It's going to be a sleepless night, be it a dreamless one. People are singing 'Happy Birthday' now as I typed this blog. It reminds me the first time I had my birthday in Kampar. The Keyboard tutors, then my sakai girls gang...
I think back, they had their best intentions, but I had my worst attitude.
Fastforward to the future, to present. After hearing what my CRM tutor said about true friends lasting for more than one year is impossible, I begin to rethink about the Cycle thing. It's true, though, you can have more than a thousand friends on Facebook, but those you need them is like lesser than 1%.
Those who always try to comfort me without interfering my life. I owe my thanks to YitMun. It is as though she still can find the fun in my despair. I can't imagine we were once enemies during Foundation time.
Humans are idiots.
They want someone to comfort them but they reject their offers, and then make themselves even more miserable.
I am not miserable now.
I am thinking of chilling out.
I remembered the days during my NS, where me and my friend walked to the garden and gazed at the stars and chatted when the Muslims were going for their prayers. It was a whole 3 hours time, relaxing and relieving.

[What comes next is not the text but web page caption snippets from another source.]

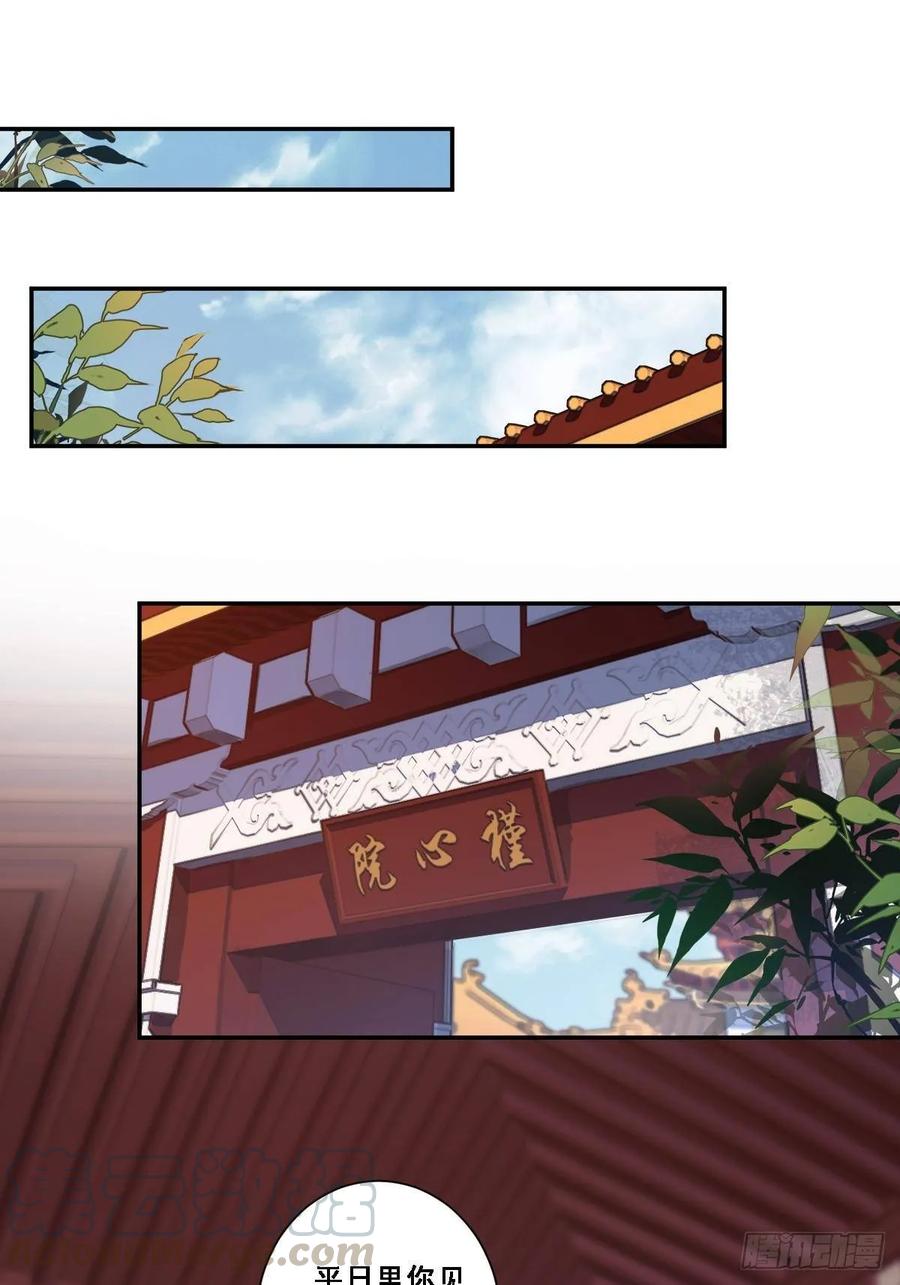 《鸡汤皇后》九十六话（上） 第16页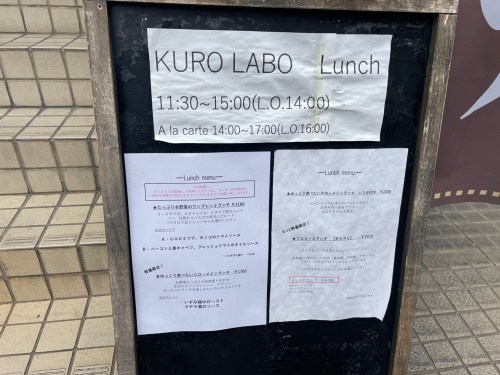 【熊本市】想像を超える豪華さ！街なかの隠れ家「KURO LABO」のランチコースにうっとり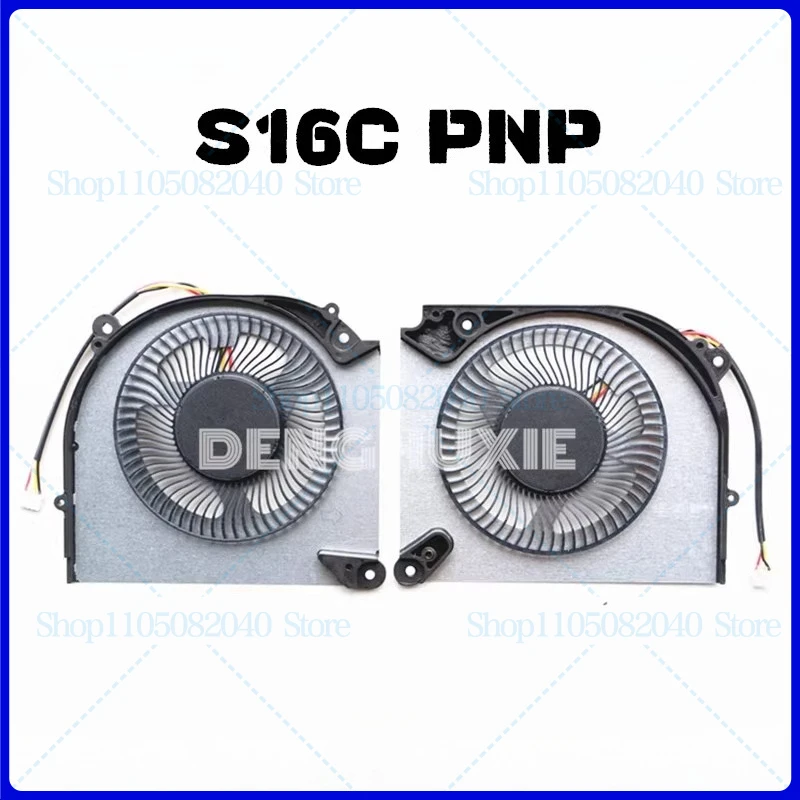 

For MACHENIKE S16C PNP fan RTX3060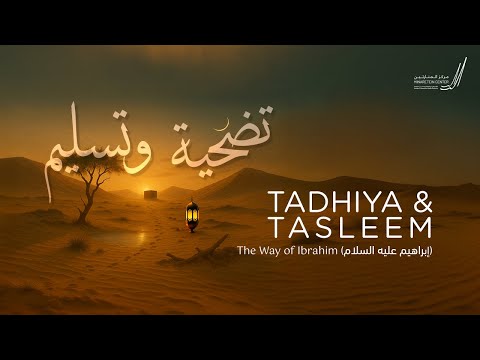 Taḍḥiyah & Tasleem: The Way of Ibrahim (إبراهيم عليه السلام) - Part Two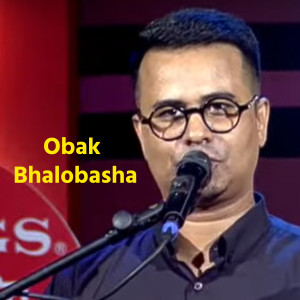 Listen to Obak Bhalobasha song with lyrics from Samrat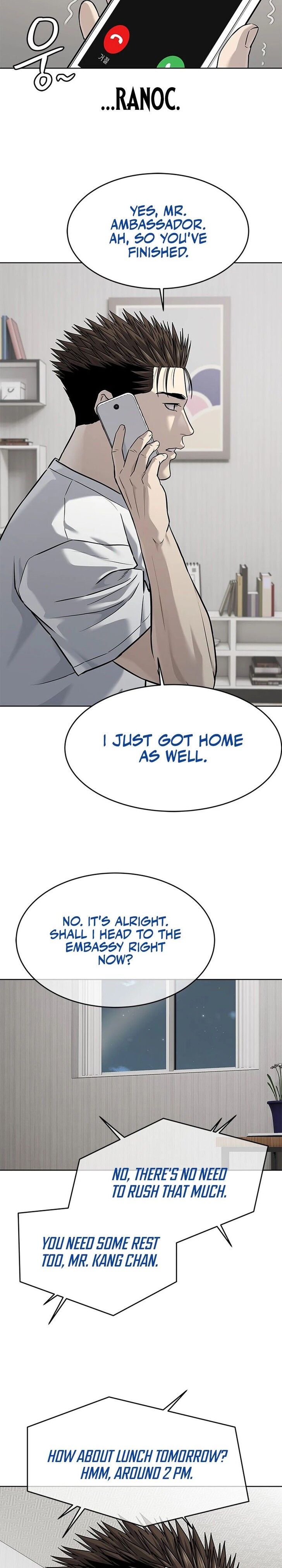 Read God of Blackfield Manga Online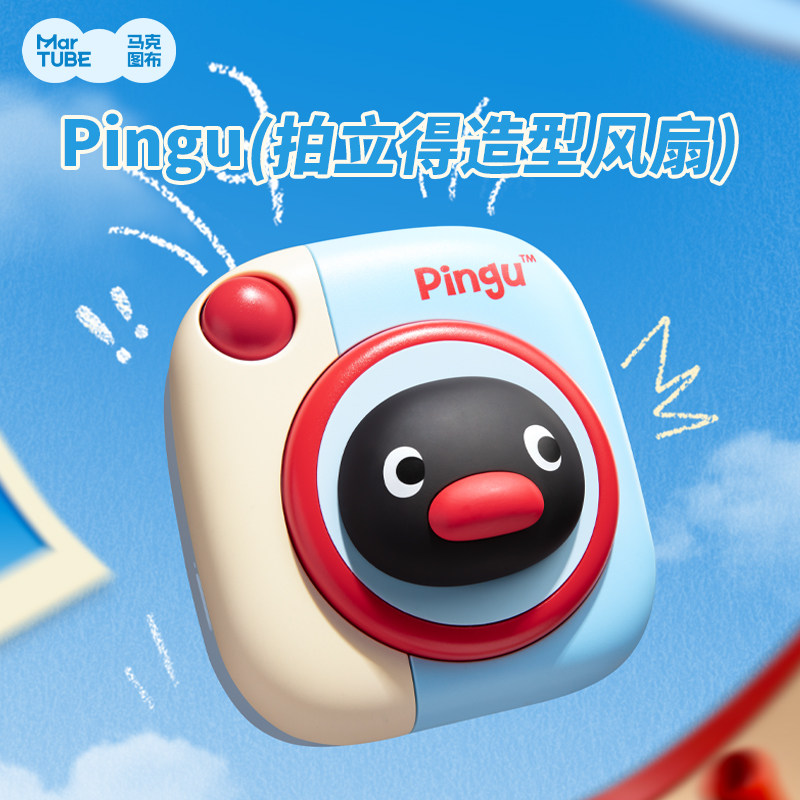 马克图布企鹅Pingu拍立得造型小风扇生日礼物女生毕业送实用可爱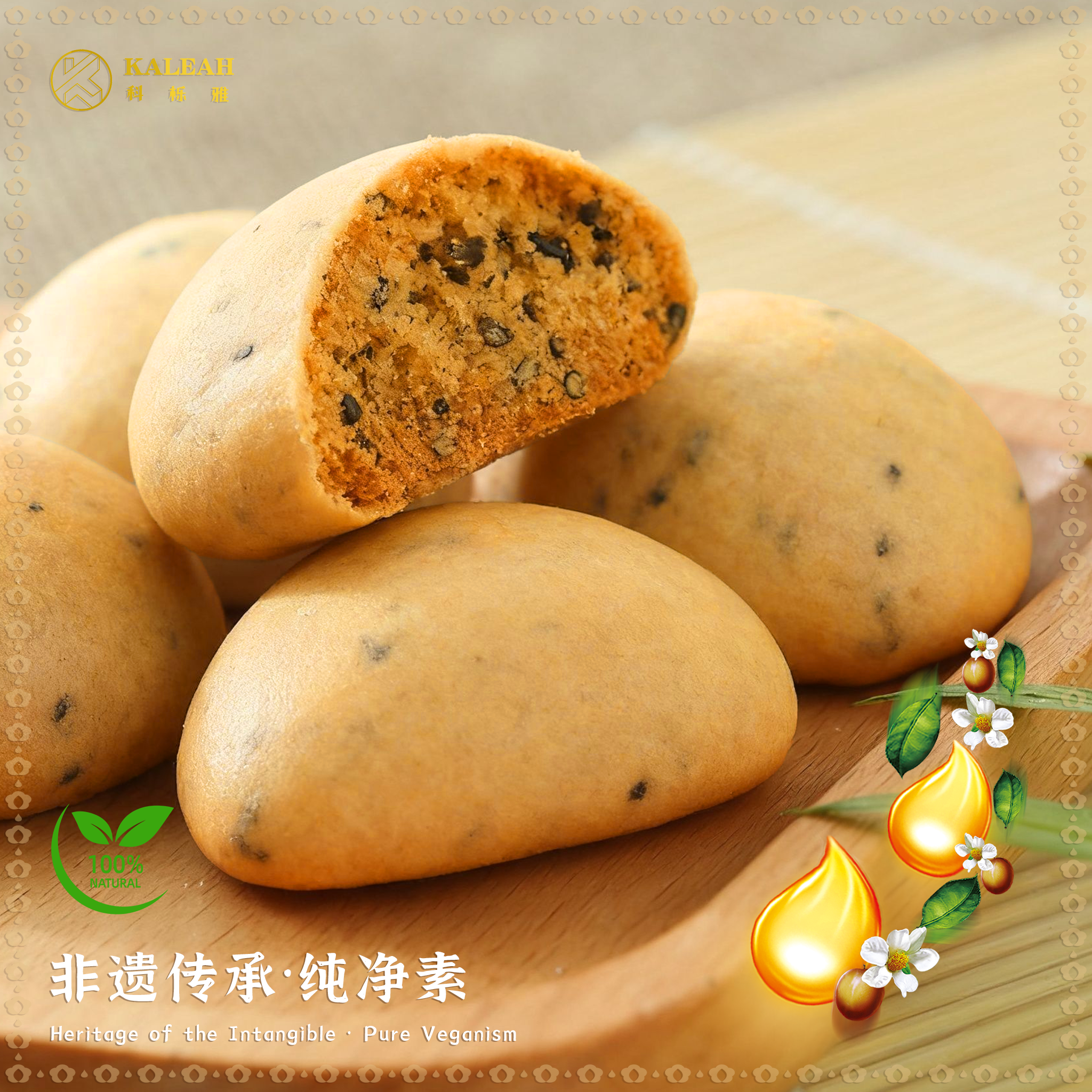 科栎雅九江非遗净素山茶油心茶饼 无动物成分 纯素健康糕点海藻糖,零食/坚果/特产,中式糕点/新中式糕点,淘宝优惠券,粉丝福利购,淘宝优惠卷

I thought I can do that again in Kampar, especially with the lake. It was my biggest dream to sit by the lake, or sea and gaze at the moon and stars.
But the noise around is too disrupting.
I remembered WeiZhi offered to take me to the overhead bridge near Harvard to gaze the stars when it was my birthday. I rejected. Because it was late and I was worried about my next day's class.
I screwed up everything from Foundation. I tried to build it better during Degree. And guess what, I failed.
Then people suggested that I should get a girl friend.
People asked me, why I don't get committed with girls, I have some reasons:
1) It's academic years. I don't wish to be disturbed by materialistic, shoppaholic girls. I only desire smart, quickwitted, independent, practical girls. Not those who spend time make-up, gila-gila, clubbing, don't know how to COOK. (Seriously, if my gf dunno how to cook, I won't cook for her)
2) I am not desperate. I have seen enough in this world that I would rather be myself than chasing shadows. No point.
3) I can't even manage my friendship well and I am thinking about getting a girl? Get a grip. I am not like that. My life mission does not state that I MUST find a partner.